The app tiling was almost the most exciting part of the new MacOS.
Microsoft are having such a hard time not being insane that apart from Gaming, I would kind of like a mac for daily use - Which is hampered by price and the fact that Apple's window management is pretty much garbage…
… but their text handling is far superior, and they often do the right thing for the wrong reason.
Like focussing on privacy so they can fire zingers at Google.
Then they haul up a five year old game that they fanwanked about a year ago, a game that runs on handhelds, and claim that it means Apple can compete as a gaming company.
You notice they didn't run Cyberpunk 2077 to show off, or one of the Jedi games.
The handwriting adjustment on iPads, and the ability to sum columns of numbers or casually work out math equations was what I liked there.
I’d actually start using Notes more if it was compensating for the shitty plastic-on-glass writing experience. I’m looking forward to seeing how it handles someone who’s entire school career was cursive via fountain pens (which on iPad means line width variation) versus someone laboriously printing with a felt tip (the pen type in use in the tech demo - not throwing shade. The demo was set up for maximum success). That “it fixes words with your own handwriting” really broke down when Goodnotes tries it.
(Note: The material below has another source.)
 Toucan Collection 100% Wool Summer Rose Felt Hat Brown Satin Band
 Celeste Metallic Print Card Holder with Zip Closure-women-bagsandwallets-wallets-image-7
Also, I would really like to see if I can create a list in notes, and then have it ported to for example the shopping list in Reminders.
Actually I should just try that to see if it’s currently works in iOS 17…
There's some machine learning and machine vision stuff that tentatively I like for Photos and spell check, and email sorting…
… but the update to Safari Reader Mode where it can generate a summary and content table was the part that I really want to play with. I very much want to see how Tumblr breaks it.
I use Safari’s Reader Mode a huge amount for decluttering web pages and making them friendly for reading. Paired with the reading list that saves the page offline, and the possibility of having reader mode active in Webkit, it might be really solid way to browse RSS feeds.
I’m also looking forward to Siri getting a hefty update and being able to apply itself to screen context.
This is a major accessibility thing for people with limited vision.
If you can get it to look at the screen and say to it “okay open a specific app” then ask it what the app is doing and have it give you a summary rather than it trying to literally read the screen, and then ask it to control the app for you, that’s actually really handy.
As it is being able to take a photograph of something and then say Siri, what does this say?
And then be able to follow up and say okay do something with the information – for example add calendar events , make a note that summarises the information given, add to a shopping list, add to a note and so on.